***** INFORMATION SUPPLIED *****

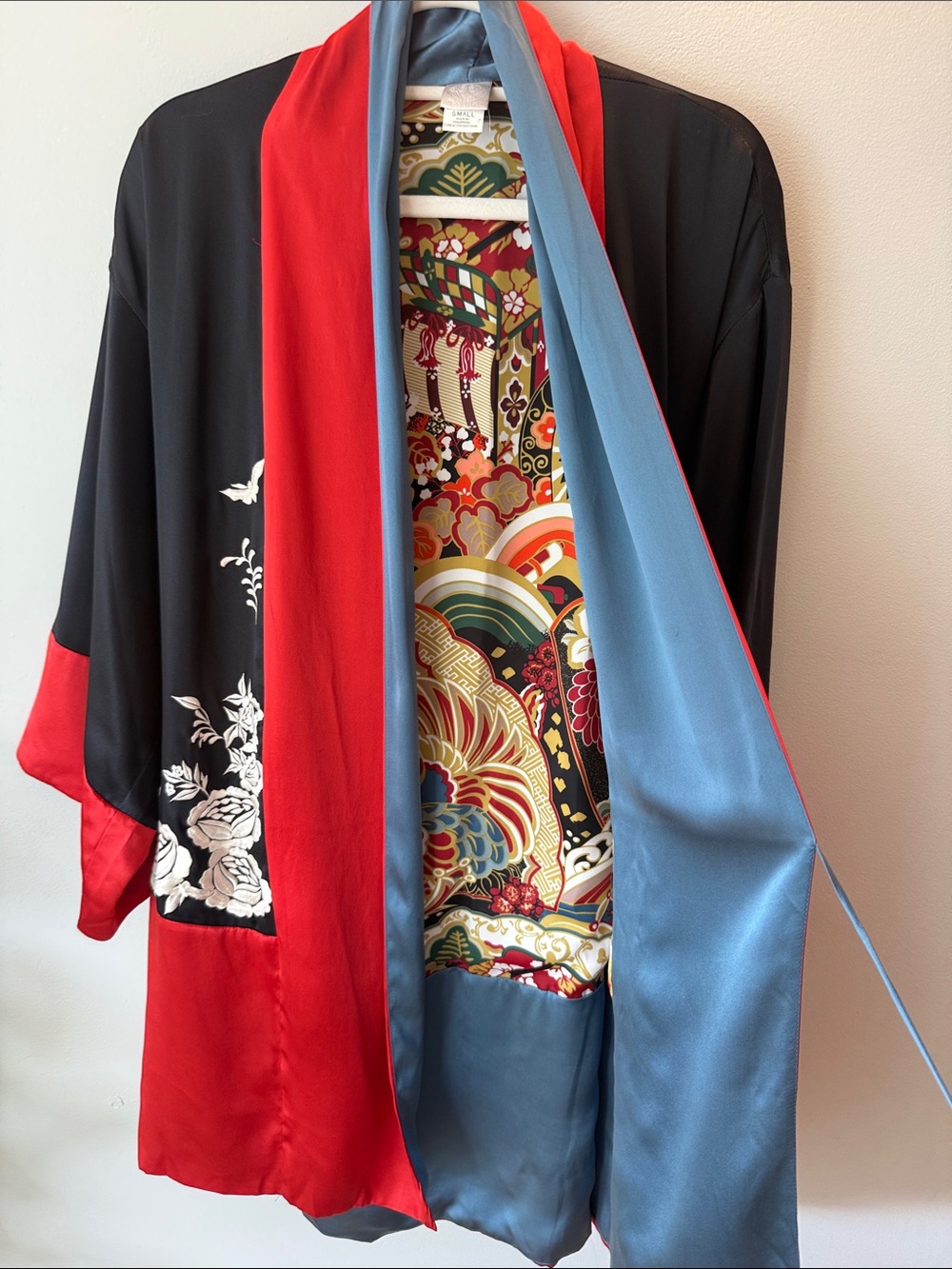 Y2K Natori 100% Silk Embroidered Kimono Robe Early 2000s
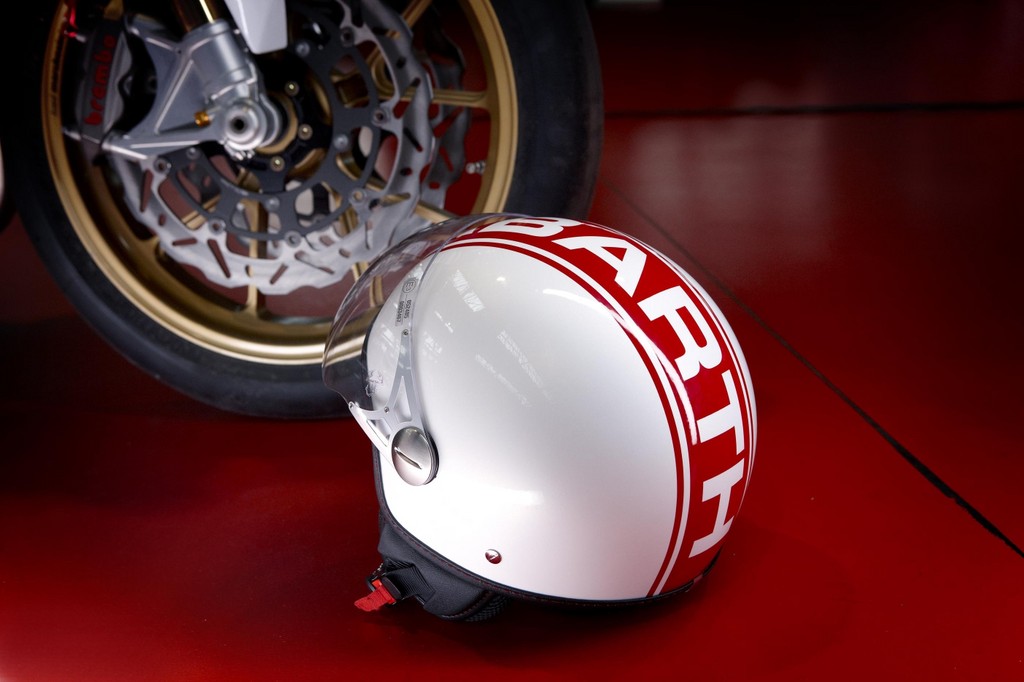 Geschenkidee für Abarth-Fans: Jet-Helm.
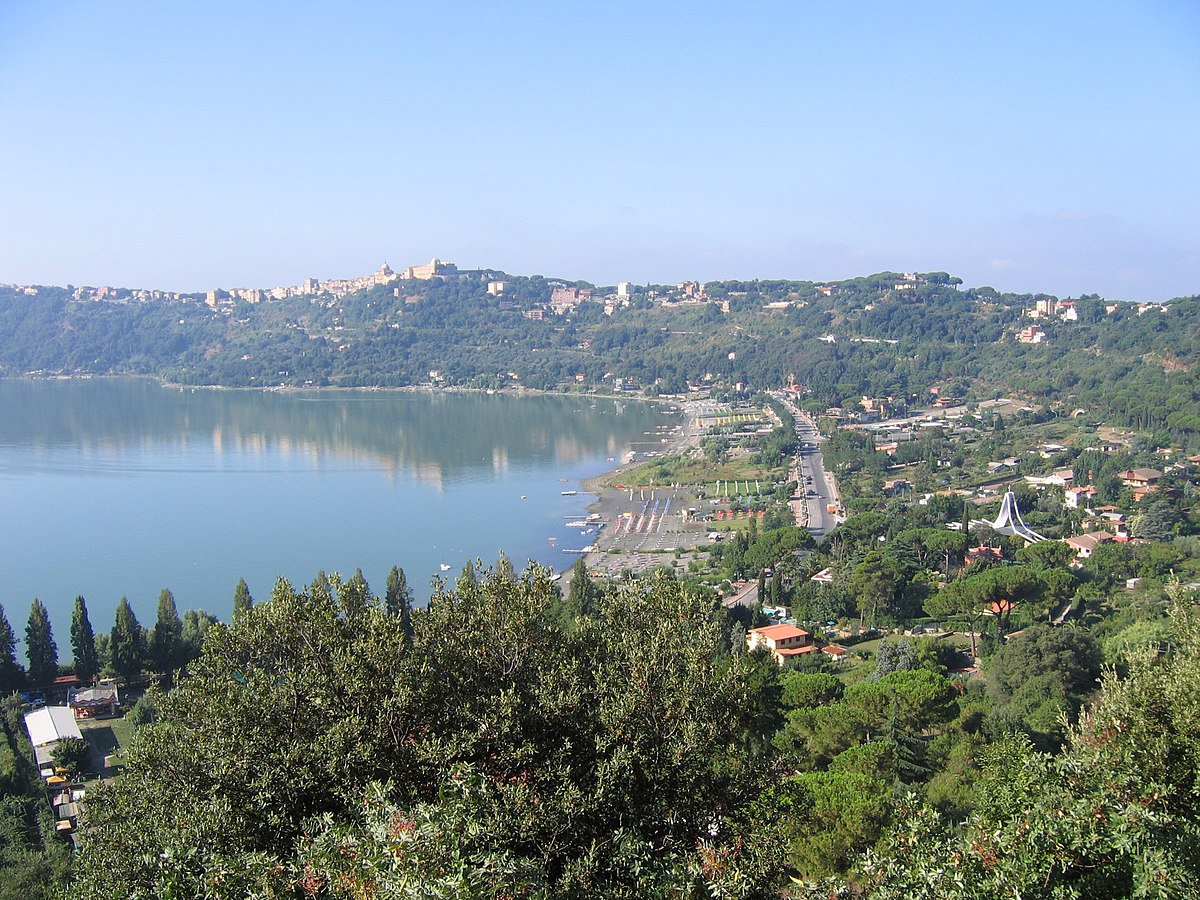 RINVIATO Subiaco. Traversata da Castel Gandolfo a Genzano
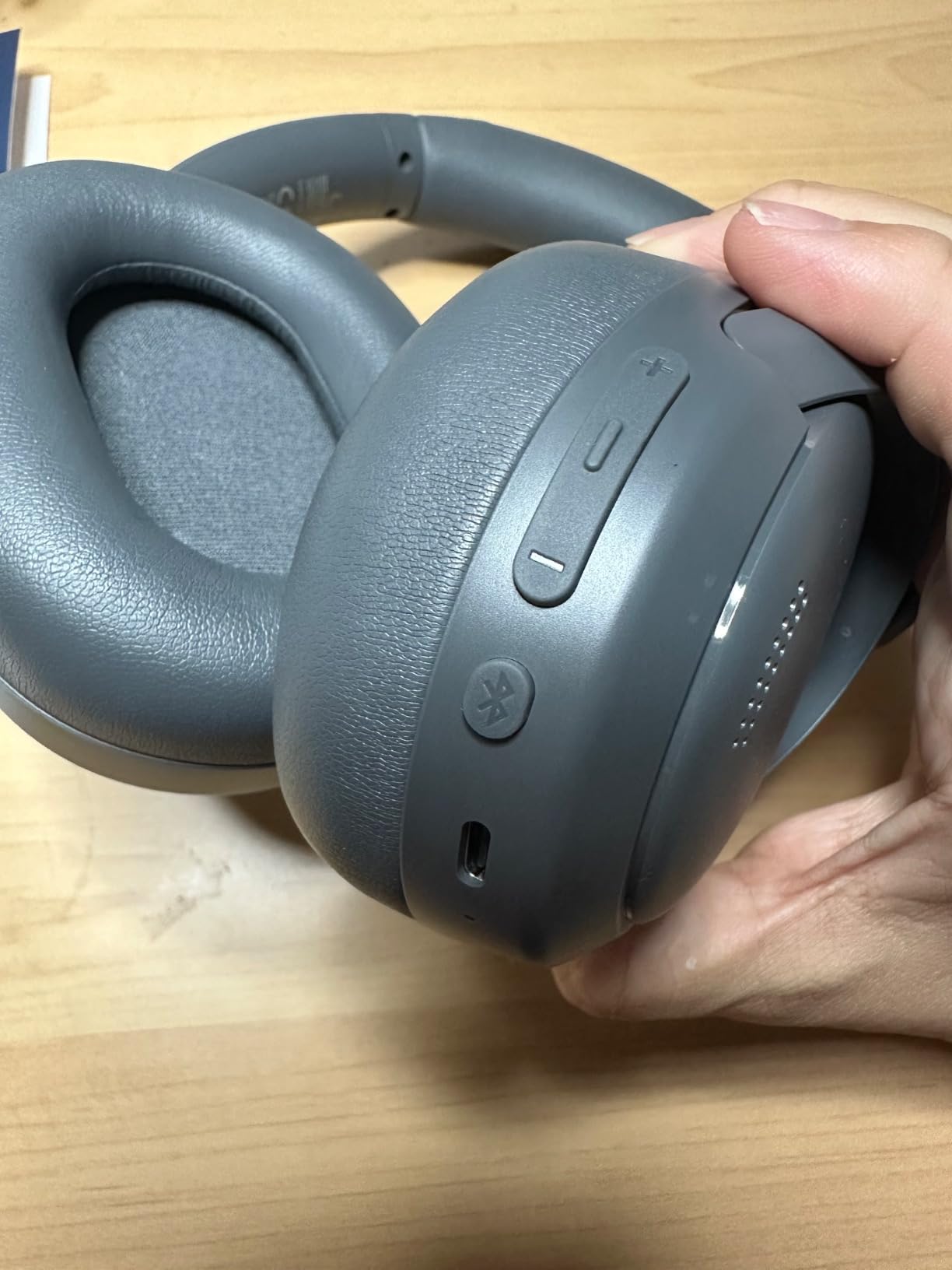 Edifier W800BT Pro Hybrid Active Noise Cancelling Over Ear Headphone, Gray customer photo 1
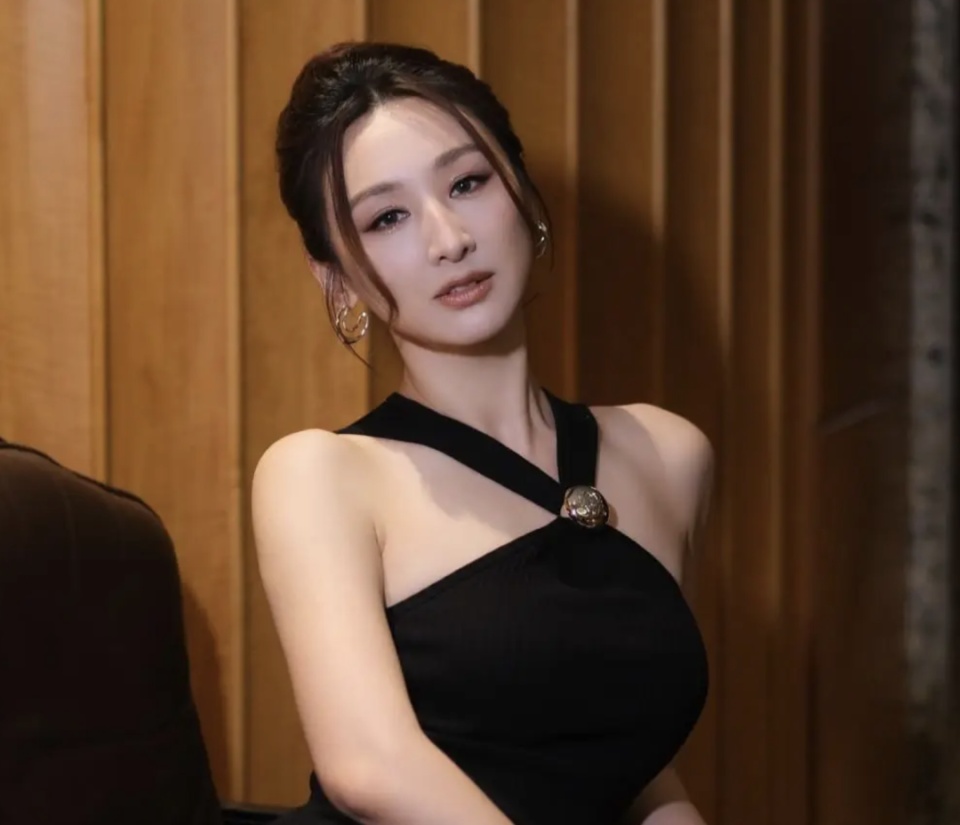 知名女演员自曝曾患精神疾病！《新闻女王》拍摄期间曾发病：很接近死亡的感觉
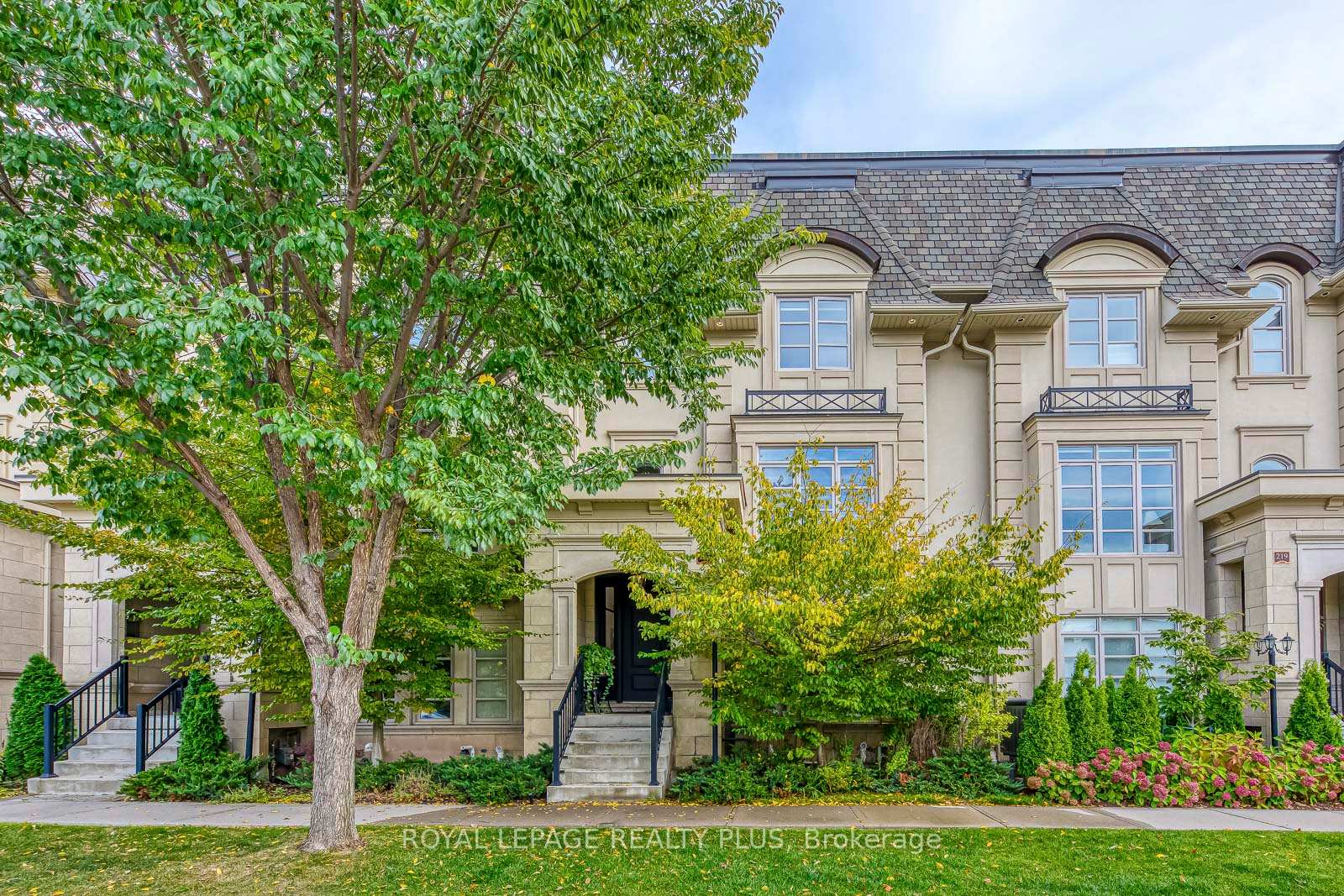221 Hanover Street, Oakville, ON, exterior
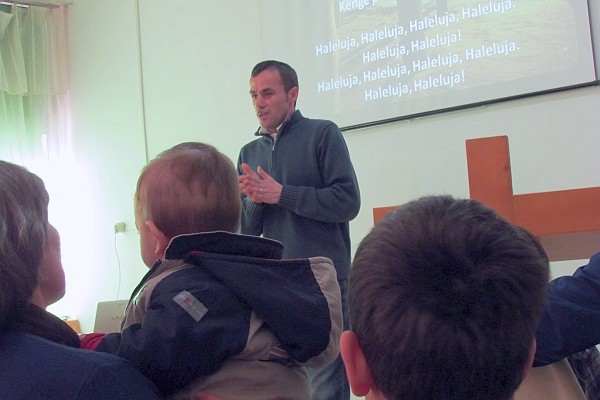 Besnik opened the time of worship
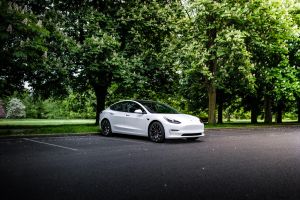 Tesla-price-cuts-Model-3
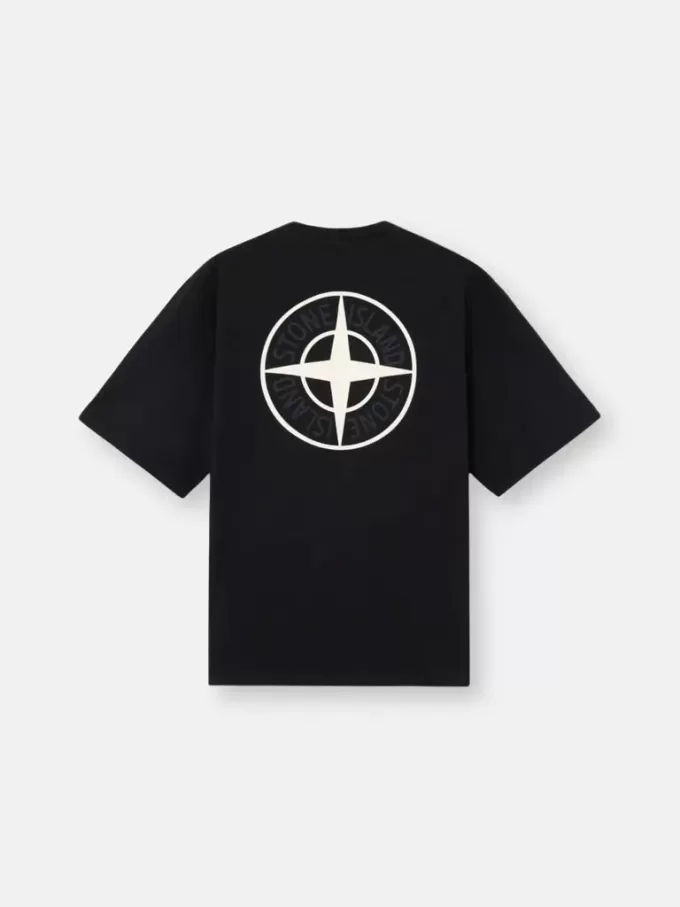 T-shirt a maniche corte dalla vestibilità regolare con stampa “02 Industrial Logos”. T-shirt a maniche corte dalla vestibilità regolare con stampa “02 Industrial Logos”.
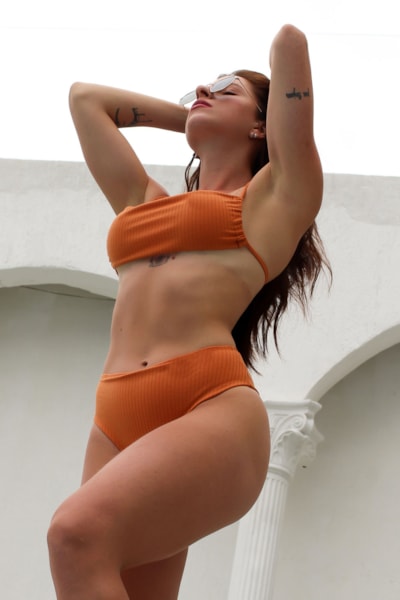 Biquíni Top  Vários em Um e  Calcinha Cintura Alta Laranja Le Paradis REF: BKN8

*****

# TASK
Take the line containing "RINVIATO Subiaco. Traversata" and every line after it up to the end of the entries, and quote them exactly. Both ends count; the pictures do not.

# ANSWER TO THIS PROBLEM
 RINVIATO Subiaco. Traversata da Castel Gandolfo a Genzano
 Edifier W800BT Pro Hybrid Active Noise Cancelling Over Ear Headphone, Gray customer photo 1
 知名女演员自曝曾患精神疾病！《新闻女王》拍摄期间曾发病：很接近死亡的感觉
221 Hanover Street, Oakville, ON, exterior
 Besnik opened the time of worship
 Tesla-price-cuts-Model-3
 T-shirt a maniche corte dalla vestibilità regolare con stampa “02 Industrial Logos”. T-shirt a maniche corte dalla vestibilità regolare con stampa “02 Industrial Logos”.
 Biquíni Top  Vários em Um e  Calcinha Cintura Alta Laranja Le Paradis REF: BKN8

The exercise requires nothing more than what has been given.